There are 1 best solutions below

0
On

Here is a partial answer that just looks at corellations. We have: \begin{align} x_t &= e_t^2 + 2e_tC_{t-1} \\ z_t &= e_{t-1}^2 + 2e_{t-1}C_{t-2} \end{align} First note that $E[x_t]=E[z_t]=1$ for all $t \geq 2$. Now we show that $\{x_2, x_3, x_4, \ldots\}$ are pairwise uncorrelated. Fix $t>n\geq 2$. Then: $$ E[x_tx_n] = E[(e_t^2 + 2e_tC_{t-1})(e_n^2 + 2e_nC_{n-1})] = E[e_t^2e_n^2] = E[x_t]E[x_n] $$ and so these are indeed pairwise uncorellated. Likewise, $\{z_2, z_3, z_4, \ldots\}$ are pairwise uncorellated.

Notice that:
$$ x_tz_t = e_t^2e_{t-1}^2 + 2e_t^2e_{t-1}C_{t-2} + 2e_tC_{t-1}e_{t-1}^2 + 4e_te_{t-1}C_{t-1}C_{t-2} $$ So: $$ E[x_tz_t] = E[e_t^2]E[e_{t-1}^2] = 1 = E[x_t]E[z_t] $$ So $x_t$ and $z_t$ are in fact uncorrelated for each $t$. Now look at correlations between $x_tz_t$ and $x_nz_n$ for $t \neq n$. I think that they are uncorrelated whenever $|n-t|\geq 2$.

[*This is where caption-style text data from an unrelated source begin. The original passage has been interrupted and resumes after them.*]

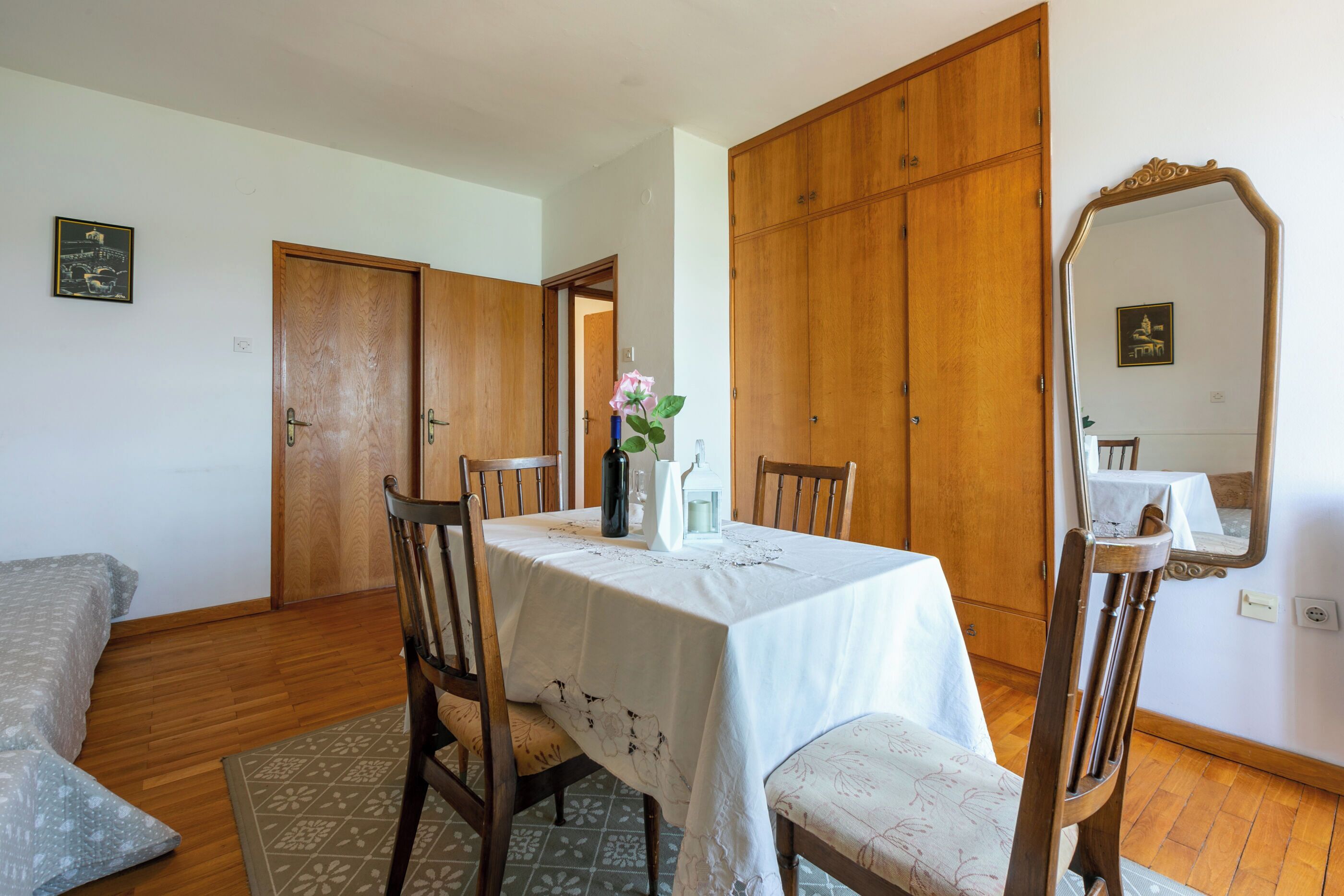 Zona pranzo con tavolo imbandito per quattro, sedie in legno, un vaso con fiori e uno specchio a parete.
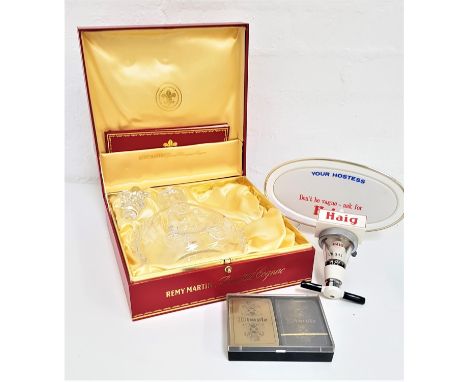 BACCARAT CRYSTAL REMEY MARTIN DECANTERwith a fleur de lis stopper, contained in a fitted leather box with the history of Remy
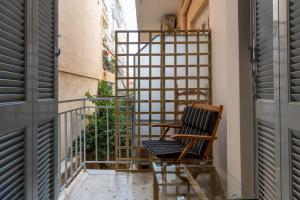 a balcony with a chair and a railing at Phaedrus Living: Luxury Studio Nea Smirni in Athens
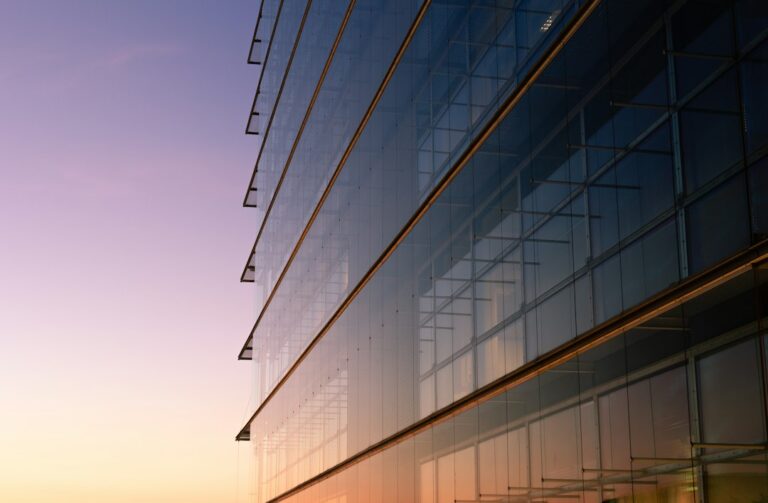Modern glass-fronted office building; illustrative image, not Persistent Systems' Hyderabad facility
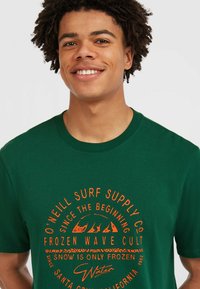 Grøn bomulds t-shirt med orange grafisk tekst og bølgemønster på forsiden. Klassisk rund hals og korte ærmer.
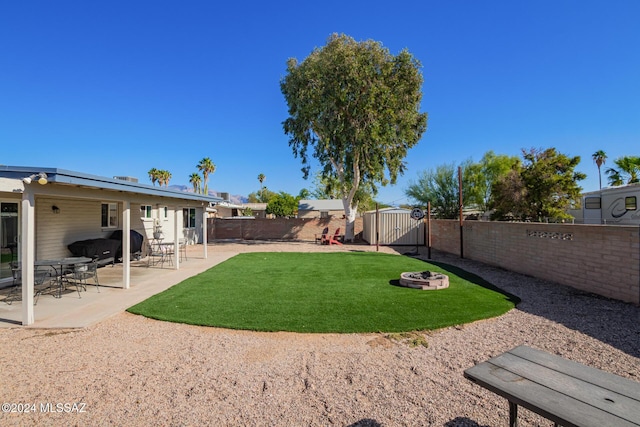 view of yard featuring a patio, a shed, and a fire pit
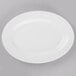 A white Libbey porcelain platter with a white rim on a gray surface.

Pairwise uncorellated means the variance of the sum is the sum of the variances. The mean of $\overline{X}_T$ is 1 for all $T$, but its variance does not converge to zero as $T\rightarrow\infty$. But I think the variance of $\frac{1}{T^a}\overline{X}_T$ converges to 0 for any $a>0$. I suspect the end result holds because the variance of the numerator in $\rho_T$ grows much more slowly than the variance of the denominator as $T\rightarrow\infty$.